Nach der Gründung ihrer gemeinsamen Marke „SIRLOIN“ in Schanghai stellten die japanische Modeschöpferin Mao Usami und die schwedische Modeschöpferin Alve Lagercrantz in Paris ihre erste Kollektion vor. Mit einer gehörigen Portion Selbstironie waren sie um die halbe Welt gereist für die Premiere in einem öffentlichen Toilettenraume, wenngleich es sich um ein gut eingerichtetes und gepflegtes Etablissement aus den 1930er Jahren neben der Pfarrkirche St. Maria Magdalena („La Madeleine“), das nach sechsen Jahren endlich wieder zugänglich war, handelte.
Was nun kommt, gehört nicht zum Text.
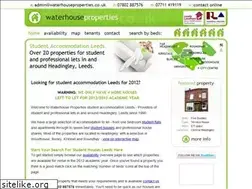 Sites similar to waterhouseproperties.co.uk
Mit gleicher Ironie merkten sie noch an: „Gleichviel ob es ein Tag ist, im Bette zu bleiben oder auf die Erde zu wichsen, ermutigen wir alle, ihre eigenen verdrehten Gedanken und seltsamen Gewohnheiten zu akzeptieren. Je schlechter, desto besser!“ Um die „intellektuellen“ Fragen, die sich jedes „SIRLOIN“-Mädel in den knappen Momenten im Toilettenraume, einem Ideen freisetzenden Orte, stellte – trivial und albern, aber brillant –, drehte sich die Kollektion. In Alve Lagercrantz’ und Mao Usamis Vision verschmolzen Prêt‑à‑porter-Bekleidung und Lingerie für einen vollständigen Kleiderschrank, um alle Bedürfnisse abzudecken. Die Kleidung sollte sozusagen von innen nach außen gekehrt werden. So hübschten Unterwäschedetails die als Lieblingsaufmachung geschätzten Kleidungsstücke für draußen auf, was für Alve Lagercrantz und Mao Usami der wahre Luxus war. Stoffe und Dessins paßten zur Vorliebe für die Klamotten alter Männer. Karierter „Vintage“-Cord, Kaschmirwolle und mit Sande gewaschene Seide aus China waren die Basis für haarige Tuche, beispielsweise für Pullover, samtige Netze und Tuche mit Toilettenpapiermustern. Da für die Marke Faulheit und dumme Eleganz überaus bedeutsam waren, verlangte die Kollektion den potentiellen Trägerinnen ein besonderes Vertrauen ins ironische Konzept ab.